Finding the Perfect Predictors

Maximizing Penguin Classification Accuracy with Minimal Features
Author

Anweshan Adhikari

Introduction to the Data Set

The Palmer’s Penguin dataset collected by Dr. Kristen Gorman and the Palmer Station, Antarctica LTER, includes physical measurements of individuals from three different penguin species: Chinstram, Gentoo and Adelie. Some of the features in included culmen length, culmen depth, mass body, flipper length and so on. In this blog posts, we will try to find a group of three features that will achieve maximum accuracy for linear regression, K-nearest Neighbour Classifier, Random Forest Classifier and decision tree classifiers.

Before we get into finding the features, let’s start by exploring our dataset.

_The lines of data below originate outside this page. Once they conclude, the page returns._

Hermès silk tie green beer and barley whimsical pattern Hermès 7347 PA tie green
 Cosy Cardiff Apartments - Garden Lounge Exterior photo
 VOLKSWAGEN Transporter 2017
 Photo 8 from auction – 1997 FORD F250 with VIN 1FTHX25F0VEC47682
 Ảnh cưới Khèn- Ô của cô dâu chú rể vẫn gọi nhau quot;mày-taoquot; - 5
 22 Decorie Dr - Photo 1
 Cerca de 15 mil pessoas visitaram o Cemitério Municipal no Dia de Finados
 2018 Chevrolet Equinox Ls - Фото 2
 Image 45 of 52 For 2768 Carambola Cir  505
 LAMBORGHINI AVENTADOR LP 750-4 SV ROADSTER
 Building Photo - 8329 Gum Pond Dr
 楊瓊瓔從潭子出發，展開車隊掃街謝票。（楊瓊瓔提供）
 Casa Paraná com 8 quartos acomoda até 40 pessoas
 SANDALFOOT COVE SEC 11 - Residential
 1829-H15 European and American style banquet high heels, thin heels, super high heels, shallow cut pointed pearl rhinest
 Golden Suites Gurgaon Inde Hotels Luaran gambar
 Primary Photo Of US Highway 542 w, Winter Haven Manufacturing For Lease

The table shown below shows the glimpse of our data.

Code
import pandas as pd

train_url = "https://raw.githubusercontent.com/middlebury-csci-0451/CSCI-0451/main/data/palmer-penguins/train.csv"
train = pd.read_csv(train_url)

train.head()
studyName Sample Number Species Region Island Stage Individual ID Clutch Completion Date Egg Culmen Length (mm) Culmen Depth (mm) Flipper Length (mm) Body Mass (g) Sex Delta 15 N (o/oo) Delta 13 C (o/oo) Comments
0 PAL0708 27 Gentoo penguin (Pygoscelis papua) Anvers Biscoe Adult, 1 Egg Stage N46A1 Yes 11/29/07 44.5 14.3 216.0 4100.0 NaN 7.96621 -25.69327 NaN
1 PAL0708 22 Gentoo penguin (Pygoscelis papua) Anvers Biscoe Adult, 1 Egg Stage N41A2 Yes 11/27/07 45.1 14.5 215.0 5000.0 FEMALE 7.63220 -25.46569 NaN
2 PAL0910 124 Adelie Penguin (Pygoscelis adeliae) Anvers Torgersen Adult, 1 Egg Stage N67A2 Yes 11/16/09 41.4 18.5 202.0 3875.0 MALE 9.59462 -25.42621 NaN
3 PAL0910 146 Adelie Penguin (Pygoscelis adeliae) Anvers Dream Adult, 1 Egg Stage N82A2 Yes 11/16/09 39.0 18.7 185.0 3650.0 MALE 9.22033 -26.03442 NaN
4 PAL0708 24 Chinstrap penguin (Pygoscelis antarctica) Anvers Dream Adult, 1 Egg Stage N85A2 No 11/28/07 50.6 19.4 193.0 3800.0 MALE 9.28153 -24.97134 NaN

Continuing the exploration, the graph below shows the distribution of Culmen Lengths for each penguin species

Code
import seaborn as sns
import matplotlib.pyplot as plt

# Plot the distribution of Culmen Lengths for each penguin species
sns.histplot(data=train, x="Culmen Length (mm)", hue="Species", kde=True, bins=15)
<AxesSubplot: xlabel='Culmen Length (mm)', ylabel='Count'>

The histogram plot shows the distribution of culmen length for three different Penguins’ species: Adelie, Chinstrap, and Gentoo. The x-axis represents the culmen length values, and the y-axis represents the count of penguins falling into each bin, where each bin size is specified to 15. From the plot, we can see that Gentoo and Chinstrap penguins have a similar distribution of culmen length, with a peak around 45-50 mm, while Gentoo penguins have smaller culmen length, ranging from around 30mm-46mm with a peak around 40 mm. The histogram also shows the shape of the data distribution for each penguin species, with overlaid smooth curves that represent the density estimate. This helps to identify any overlapping areas or differences in the tails of the distributions. Based on the culmen lengths, it would be possible to distinguish between Adelie Penguins from the other two species with a high accuracy. However, the accuracy would be minimal in distinguishing between Chinstrap Penguin and Gentoo Penguin based on their culmen range, as both species have similar culmen lengths.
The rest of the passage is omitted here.